### [What needs to be done]
Return the opening lines of the material, word for word. End with the line that contains "Opinion: Ban phones".
§ §
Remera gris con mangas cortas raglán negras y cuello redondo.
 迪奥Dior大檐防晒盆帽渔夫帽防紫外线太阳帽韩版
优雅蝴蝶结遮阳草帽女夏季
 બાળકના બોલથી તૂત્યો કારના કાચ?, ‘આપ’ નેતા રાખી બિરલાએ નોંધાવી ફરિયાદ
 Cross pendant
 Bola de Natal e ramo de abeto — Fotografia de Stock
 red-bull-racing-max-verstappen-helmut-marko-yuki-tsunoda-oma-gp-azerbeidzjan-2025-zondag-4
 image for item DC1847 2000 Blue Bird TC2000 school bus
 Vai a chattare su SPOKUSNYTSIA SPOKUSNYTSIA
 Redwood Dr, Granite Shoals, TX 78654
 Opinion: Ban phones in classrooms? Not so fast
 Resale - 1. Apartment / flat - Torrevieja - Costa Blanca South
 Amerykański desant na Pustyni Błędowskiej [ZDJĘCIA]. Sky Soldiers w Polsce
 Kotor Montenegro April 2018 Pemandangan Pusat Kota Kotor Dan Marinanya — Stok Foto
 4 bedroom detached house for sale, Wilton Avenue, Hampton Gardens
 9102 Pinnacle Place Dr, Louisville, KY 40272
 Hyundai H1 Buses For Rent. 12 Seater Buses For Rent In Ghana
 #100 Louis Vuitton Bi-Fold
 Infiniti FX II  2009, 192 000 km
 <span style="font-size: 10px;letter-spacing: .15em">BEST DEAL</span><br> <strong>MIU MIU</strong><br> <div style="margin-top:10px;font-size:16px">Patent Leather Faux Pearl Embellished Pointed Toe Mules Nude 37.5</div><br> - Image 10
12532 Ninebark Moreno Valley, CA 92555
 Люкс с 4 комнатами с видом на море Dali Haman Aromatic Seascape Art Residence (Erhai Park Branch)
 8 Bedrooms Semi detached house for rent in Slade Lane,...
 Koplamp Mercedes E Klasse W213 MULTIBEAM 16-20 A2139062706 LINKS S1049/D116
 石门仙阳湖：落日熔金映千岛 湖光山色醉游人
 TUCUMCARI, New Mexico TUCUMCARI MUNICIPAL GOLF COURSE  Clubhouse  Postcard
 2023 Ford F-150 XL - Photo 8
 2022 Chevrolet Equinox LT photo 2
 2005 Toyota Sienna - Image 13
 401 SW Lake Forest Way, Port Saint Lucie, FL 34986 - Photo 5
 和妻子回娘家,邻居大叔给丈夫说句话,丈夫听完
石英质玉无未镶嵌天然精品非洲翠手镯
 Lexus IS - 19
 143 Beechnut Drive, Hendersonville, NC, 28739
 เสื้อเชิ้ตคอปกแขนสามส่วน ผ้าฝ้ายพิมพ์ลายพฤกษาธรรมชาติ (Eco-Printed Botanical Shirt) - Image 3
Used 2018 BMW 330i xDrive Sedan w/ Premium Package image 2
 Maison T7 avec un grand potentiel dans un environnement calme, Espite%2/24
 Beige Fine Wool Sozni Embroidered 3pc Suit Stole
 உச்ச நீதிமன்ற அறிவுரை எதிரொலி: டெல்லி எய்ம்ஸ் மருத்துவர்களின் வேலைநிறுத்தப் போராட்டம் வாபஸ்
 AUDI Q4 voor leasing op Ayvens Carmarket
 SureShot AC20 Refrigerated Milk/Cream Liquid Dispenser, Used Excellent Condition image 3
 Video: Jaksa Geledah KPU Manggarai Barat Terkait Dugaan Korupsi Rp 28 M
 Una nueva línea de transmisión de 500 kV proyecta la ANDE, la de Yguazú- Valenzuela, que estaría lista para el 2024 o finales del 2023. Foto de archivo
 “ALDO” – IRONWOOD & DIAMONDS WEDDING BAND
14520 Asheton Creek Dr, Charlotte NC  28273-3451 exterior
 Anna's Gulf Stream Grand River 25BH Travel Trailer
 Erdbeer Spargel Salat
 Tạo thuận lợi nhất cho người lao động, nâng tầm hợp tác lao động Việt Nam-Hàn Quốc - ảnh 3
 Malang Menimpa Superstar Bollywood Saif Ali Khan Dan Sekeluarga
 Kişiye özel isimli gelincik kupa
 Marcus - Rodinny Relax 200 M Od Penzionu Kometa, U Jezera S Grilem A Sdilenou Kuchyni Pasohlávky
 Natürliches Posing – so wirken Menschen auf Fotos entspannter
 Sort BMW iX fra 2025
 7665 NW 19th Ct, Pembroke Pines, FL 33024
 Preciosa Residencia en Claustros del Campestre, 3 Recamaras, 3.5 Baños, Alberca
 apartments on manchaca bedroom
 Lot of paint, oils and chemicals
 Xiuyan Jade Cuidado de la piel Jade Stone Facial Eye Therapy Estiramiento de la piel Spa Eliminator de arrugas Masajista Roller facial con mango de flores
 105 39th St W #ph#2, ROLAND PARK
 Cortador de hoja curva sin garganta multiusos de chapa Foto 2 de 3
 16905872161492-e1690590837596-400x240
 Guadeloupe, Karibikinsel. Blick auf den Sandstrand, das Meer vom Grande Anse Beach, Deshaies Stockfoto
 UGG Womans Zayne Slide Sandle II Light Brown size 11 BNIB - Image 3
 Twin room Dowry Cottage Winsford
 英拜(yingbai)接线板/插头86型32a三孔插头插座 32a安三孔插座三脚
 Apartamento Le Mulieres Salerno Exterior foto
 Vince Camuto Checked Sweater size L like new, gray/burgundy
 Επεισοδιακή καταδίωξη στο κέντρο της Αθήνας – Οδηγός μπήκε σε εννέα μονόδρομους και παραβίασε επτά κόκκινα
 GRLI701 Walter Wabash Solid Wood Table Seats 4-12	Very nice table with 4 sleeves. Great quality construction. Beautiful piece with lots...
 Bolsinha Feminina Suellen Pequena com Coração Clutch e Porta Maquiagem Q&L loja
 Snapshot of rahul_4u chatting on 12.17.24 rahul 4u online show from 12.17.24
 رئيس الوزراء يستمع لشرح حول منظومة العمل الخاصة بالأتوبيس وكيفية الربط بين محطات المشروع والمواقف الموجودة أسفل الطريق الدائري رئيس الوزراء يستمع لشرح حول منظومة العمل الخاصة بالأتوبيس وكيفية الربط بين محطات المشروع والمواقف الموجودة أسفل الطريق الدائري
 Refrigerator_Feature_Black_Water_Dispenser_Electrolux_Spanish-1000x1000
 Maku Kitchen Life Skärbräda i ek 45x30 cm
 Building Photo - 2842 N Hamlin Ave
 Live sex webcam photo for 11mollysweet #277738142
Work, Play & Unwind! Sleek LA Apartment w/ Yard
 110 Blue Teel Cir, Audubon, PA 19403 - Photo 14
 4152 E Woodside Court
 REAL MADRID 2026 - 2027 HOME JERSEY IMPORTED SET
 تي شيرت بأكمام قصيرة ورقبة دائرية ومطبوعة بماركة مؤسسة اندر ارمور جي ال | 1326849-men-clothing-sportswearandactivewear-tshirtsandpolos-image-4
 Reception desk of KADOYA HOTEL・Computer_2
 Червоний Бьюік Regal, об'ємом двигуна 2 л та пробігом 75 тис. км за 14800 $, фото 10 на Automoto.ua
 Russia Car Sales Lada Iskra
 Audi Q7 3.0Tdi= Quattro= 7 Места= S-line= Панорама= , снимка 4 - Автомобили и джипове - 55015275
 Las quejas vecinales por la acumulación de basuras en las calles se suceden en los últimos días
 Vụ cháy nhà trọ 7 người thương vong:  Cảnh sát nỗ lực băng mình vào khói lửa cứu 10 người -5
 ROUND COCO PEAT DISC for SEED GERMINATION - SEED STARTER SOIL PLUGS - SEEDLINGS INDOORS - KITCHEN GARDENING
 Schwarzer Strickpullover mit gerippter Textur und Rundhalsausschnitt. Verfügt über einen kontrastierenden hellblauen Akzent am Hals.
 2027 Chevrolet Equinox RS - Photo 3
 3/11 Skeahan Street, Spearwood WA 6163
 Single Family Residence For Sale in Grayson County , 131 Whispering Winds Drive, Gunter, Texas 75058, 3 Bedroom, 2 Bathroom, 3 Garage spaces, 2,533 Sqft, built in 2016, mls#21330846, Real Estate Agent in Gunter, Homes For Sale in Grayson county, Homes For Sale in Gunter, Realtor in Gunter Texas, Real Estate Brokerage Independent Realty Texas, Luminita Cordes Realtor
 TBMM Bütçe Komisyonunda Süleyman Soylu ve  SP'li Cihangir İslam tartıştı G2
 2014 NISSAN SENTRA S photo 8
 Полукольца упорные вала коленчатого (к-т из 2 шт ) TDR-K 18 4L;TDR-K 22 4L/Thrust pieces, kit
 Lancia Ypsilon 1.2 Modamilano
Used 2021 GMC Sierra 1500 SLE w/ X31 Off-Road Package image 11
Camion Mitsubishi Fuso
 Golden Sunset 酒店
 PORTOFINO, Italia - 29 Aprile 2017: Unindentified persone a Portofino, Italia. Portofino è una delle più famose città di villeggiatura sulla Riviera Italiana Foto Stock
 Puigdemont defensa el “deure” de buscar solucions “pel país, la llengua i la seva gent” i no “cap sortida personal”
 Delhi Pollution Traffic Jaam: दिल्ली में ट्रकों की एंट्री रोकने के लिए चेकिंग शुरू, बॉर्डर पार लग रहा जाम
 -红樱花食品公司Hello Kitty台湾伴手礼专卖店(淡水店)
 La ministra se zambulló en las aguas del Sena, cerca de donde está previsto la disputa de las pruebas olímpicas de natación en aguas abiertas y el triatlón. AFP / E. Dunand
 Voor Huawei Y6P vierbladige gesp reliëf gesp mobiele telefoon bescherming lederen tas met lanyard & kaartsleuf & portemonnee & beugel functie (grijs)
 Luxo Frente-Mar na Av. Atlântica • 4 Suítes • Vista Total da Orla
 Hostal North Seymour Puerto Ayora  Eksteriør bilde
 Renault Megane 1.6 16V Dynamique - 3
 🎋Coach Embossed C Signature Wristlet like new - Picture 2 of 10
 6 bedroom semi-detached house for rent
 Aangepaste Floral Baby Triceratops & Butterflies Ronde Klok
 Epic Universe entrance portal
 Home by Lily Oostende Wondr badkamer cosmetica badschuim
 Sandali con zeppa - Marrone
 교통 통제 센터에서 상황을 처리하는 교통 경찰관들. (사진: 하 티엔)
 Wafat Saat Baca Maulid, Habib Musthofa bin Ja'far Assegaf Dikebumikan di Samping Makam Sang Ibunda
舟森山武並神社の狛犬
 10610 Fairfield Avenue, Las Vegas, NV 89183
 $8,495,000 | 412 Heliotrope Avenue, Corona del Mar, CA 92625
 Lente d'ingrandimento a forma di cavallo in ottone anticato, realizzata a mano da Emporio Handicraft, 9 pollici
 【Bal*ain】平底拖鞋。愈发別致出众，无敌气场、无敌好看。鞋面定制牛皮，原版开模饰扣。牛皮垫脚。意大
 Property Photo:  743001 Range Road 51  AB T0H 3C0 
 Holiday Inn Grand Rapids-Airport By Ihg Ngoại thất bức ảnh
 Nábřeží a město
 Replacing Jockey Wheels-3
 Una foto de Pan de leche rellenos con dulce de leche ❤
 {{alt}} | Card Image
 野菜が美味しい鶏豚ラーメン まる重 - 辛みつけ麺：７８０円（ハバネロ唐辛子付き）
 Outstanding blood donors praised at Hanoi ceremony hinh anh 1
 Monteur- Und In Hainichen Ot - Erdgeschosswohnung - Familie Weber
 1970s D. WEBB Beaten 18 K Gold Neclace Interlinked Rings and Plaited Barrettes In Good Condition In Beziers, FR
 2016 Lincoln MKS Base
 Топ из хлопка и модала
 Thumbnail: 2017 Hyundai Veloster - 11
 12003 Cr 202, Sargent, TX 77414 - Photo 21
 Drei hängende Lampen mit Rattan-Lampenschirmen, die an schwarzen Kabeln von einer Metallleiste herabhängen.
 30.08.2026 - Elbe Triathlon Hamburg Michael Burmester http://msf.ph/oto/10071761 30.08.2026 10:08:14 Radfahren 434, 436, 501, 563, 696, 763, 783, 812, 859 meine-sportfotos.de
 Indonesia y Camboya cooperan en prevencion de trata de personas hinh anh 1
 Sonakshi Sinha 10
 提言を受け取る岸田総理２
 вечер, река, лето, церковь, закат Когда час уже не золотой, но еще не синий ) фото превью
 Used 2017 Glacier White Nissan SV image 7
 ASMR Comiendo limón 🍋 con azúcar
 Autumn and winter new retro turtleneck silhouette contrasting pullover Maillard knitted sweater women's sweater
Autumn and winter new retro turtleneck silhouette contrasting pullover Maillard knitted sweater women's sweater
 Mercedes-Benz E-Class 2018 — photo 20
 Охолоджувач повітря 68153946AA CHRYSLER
§ §
### [Finished task]
Remera gris con mangas cortas raglán negras y cuello redondo.
 迪奥Dior大檐防晒盆帽渔夫帽防紫外线太阳帽韩版
优雅蝴蝶结遮阳草帽女夏季
 બાળકના બોલથી તૂત્યો કારના કાચ?, ‘આપ’ નેતા રાખી બિરલાએ નોંધાવી ફરિયાદ
 Cross pendant
 Bola de Natal e ramo de abeto — Fotografia de Stock
 red-bull-racing-max-verstappen-helmut-marko-yuki-tsunoda-oma-gp-azerbeidzjan-2025-zondag-4
 image for item DC1847 2000 Blue Bird TC2000 school bus
 Vai a chattare su SPOKUSNYTSIA SPOKUSNYTSIA
 Redwood Dr, Granite Shoals, TX 78654
 Opinion: Ban phones in classrooms? Not so fast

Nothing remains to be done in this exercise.